DataSheet1.zip

Abstract

Enriching mitochondrial DNA (mtDNA) for whole mitogenome sequencing achieved for example by amplification of the entire mitogenome in a single PCR, avoids interference from the omnipresent nuclear mtDNA sequences (NUMTs). The approach is currently restricted to the use of samples collected from humans or ray-finned fishes. Here, we relaxed this limitation by introducing a pan-vertebrate assay for mitogenome sequencing that is also based on a single long-range PCR primed with two back-to-back oligonucleotides. The assay was exemplarily applied to five hibernating rodents, namely alpine marmot, Arctic and European ground squirrels, and common and garden dormice, four of which have not been completely sequenced before. The assay requiring intact mitochondrial rings can be used to study novel mitogenomes, mitotypes of a population and mitochondrial heteroplasmy in a straightforward, sensitive and flexible manner. The analysis of the novel mitogenomes addressed amino acid changes of the OXPHOS complexes that were formerly related to cold-adaptation.
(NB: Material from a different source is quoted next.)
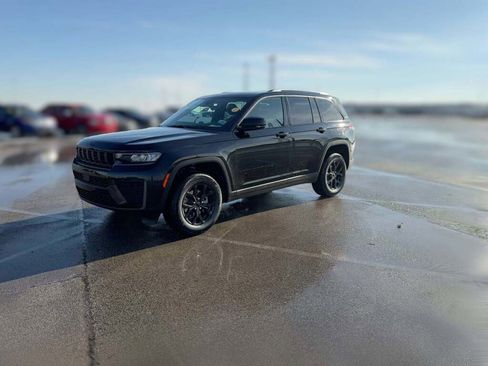 New 2026 Jeep Grand Cherokee Altitude image 4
No obvious pattern was found for the diverse sets of vertebrate species that either apply daily or multiple torpor or otherwise cope with cold. The prediction of small mitochondrial open reading frames (sORFs) encoded by the novel mitogenomes of this study revealed three highly conserved mitochondrial-derived peptides (MDPs), MOTs-c, SHLP4 and SHLP6. While their lengths were moderately conserved, highly homologous segments were identified. A nucleotide substitution in the MT-RNR2 gene causing reduction of the predicted SHLP6 size from 20 to nine amino acids was negatively associated with torpor-free cold adaptation (p = 0.006). The high evolutionary or physiological constraints suggested by sequence conservation of SHLP4 and 6 request future experimentation.